Hand back every line from the beginning of the data below through the line containing "LED Wall Black", word for word and free of pictures.

• [Records for this task]:
====================
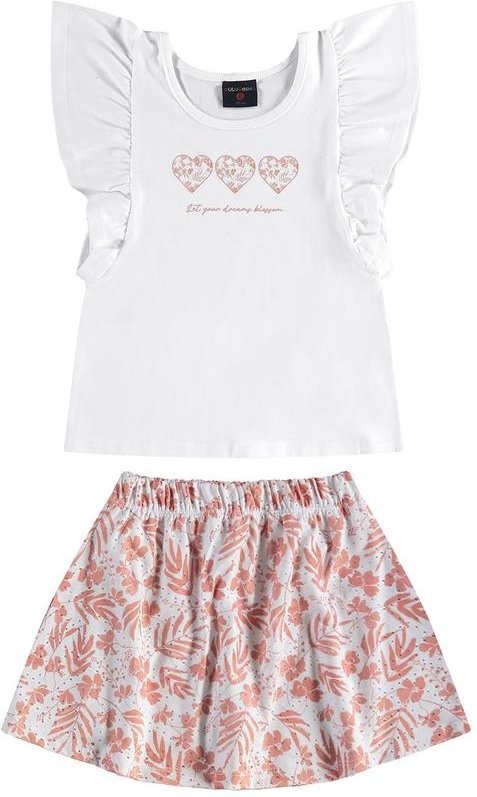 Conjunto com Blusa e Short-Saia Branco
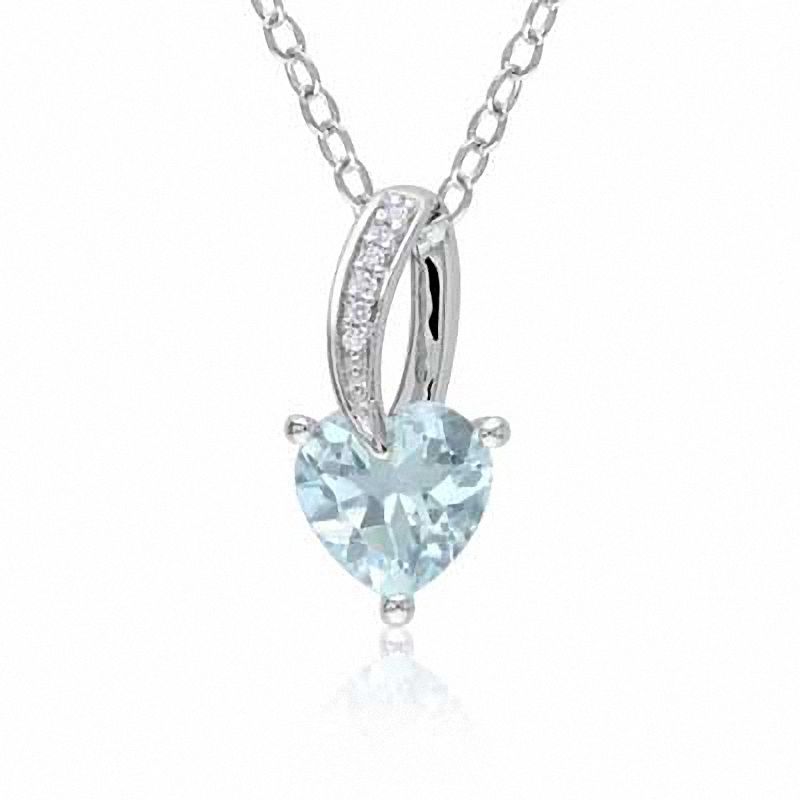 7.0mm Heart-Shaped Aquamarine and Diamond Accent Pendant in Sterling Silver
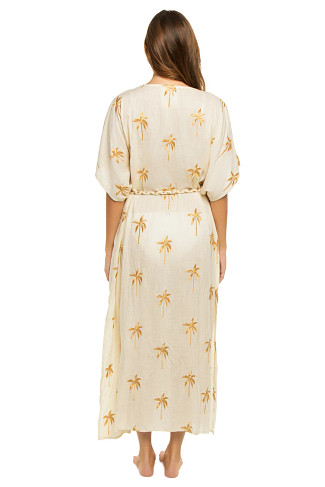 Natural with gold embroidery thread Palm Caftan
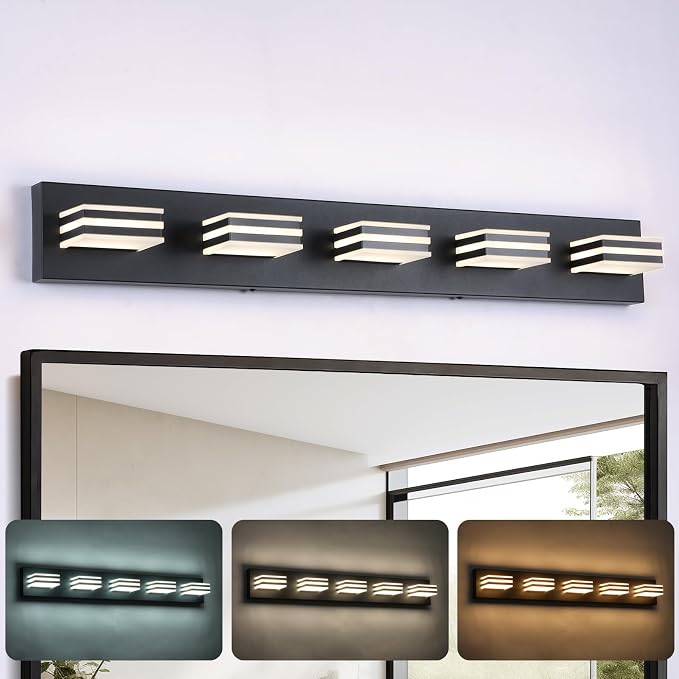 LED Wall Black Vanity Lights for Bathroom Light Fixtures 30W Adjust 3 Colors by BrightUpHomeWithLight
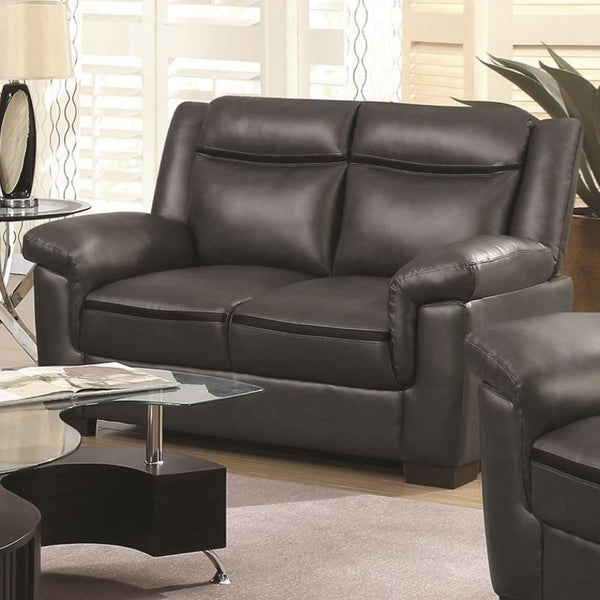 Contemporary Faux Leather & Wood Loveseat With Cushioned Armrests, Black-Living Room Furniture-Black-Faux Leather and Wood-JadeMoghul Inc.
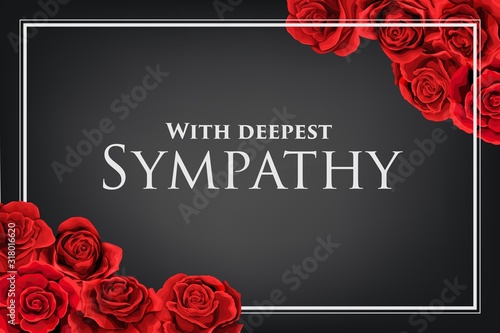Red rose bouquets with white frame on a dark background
====================
• [Answer space]:
 Conjunto com Blusa e Short-Saia Branco
 7.0mm Heart-Shaped Aquamarine and Diamond Accent Pendant in Sterling Silver
 Natural with gold embroidery thread Palm Caftan
 LED Wall Black Vanity Lights for Bathroom Light Fixtures 30W Adjust 3 Colors by BrightUpHomeWithLight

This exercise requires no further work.